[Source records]
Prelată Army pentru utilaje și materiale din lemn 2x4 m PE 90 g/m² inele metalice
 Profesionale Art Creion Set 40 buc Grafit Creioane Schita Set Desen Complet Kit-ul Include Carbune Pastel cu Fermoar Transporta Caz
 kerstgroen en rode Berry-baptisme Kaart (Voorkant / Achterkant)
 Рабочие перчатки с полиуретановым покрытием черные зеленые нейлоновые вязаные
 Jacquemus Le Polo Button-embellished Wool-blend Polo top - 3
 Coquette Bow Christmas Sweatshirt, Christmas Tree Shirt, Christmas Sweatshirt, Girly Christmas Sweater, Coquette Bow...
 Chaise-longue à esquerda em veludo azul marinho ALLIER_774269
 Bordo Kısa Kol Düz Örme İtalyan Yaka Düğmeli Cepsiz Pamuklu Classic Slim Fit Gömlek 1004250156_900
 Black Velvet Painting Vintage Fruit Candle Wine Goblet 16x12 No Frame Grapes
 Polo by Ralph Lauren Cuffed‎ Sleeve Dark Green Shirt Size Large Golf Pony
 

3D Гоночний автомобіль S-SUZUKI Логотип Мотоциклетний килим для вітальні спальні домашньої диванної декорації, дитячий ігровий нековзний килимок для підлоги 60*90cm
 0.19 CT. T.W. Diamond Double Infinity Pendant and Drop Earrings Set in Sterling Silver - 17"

◆ **WHAT IS EXPECTED**:
Reproduce every record above exactly as it is written.

◆ **RESULT OF THE EXERCISE**:
Prelată Army pentru utilaje și materiale din lemn 2x4 m PE 90 g/m² inele metalice
 Profesionale Art Creion Set 40 buc Grafit Creioane Schita Set Desen Complet Kit-ul Include Carbune Pastel cu Fermoar Transporta Caz
 kerstgroen en rode Berry-baptisme Kaart (Voorkant / Achterkant)
 Рабочие перчатки с полиуретановым покрытием черные зеленые нейлоновые вязаные
 Jacquemus Le Polo Button-embellished Wool-blend Polo top - 3
 Coquette Bow Christmas Sweatshirt, Christmas Tree Shirt, Christmas Sweatshirt, Girly Christmas Sweater, Coquette Bow...
 Chaise-longue à esquerda em veludo azul marinho ALLIER_774269
 Bordo Kısa Kol Düz Örme İtalyan Yaka Düğmeli Cepsiz Pamuklu Classic Slim Fit Gömlek 1004250156_900
 Black Velvet Painting Vintage Fruit Candle Wine Goblet 16x12 No Frame Grapes
 Polo by Ralph Lauren Cuffed‎ Sleeve Dark Green Shirt Size Large Golf Pony
 

3D Гоночний автомобіль S-SUZUKI Логотип Мотоциклетний килим для вітальні спальні домашньої диванної декорації, дитячий ігровий нековзний килимок для підлоги 60*90cm
 0.19 CT. T.W. Diamond Double Infinity Pendant and Drop Earrings Set in Sterling Silver - 17"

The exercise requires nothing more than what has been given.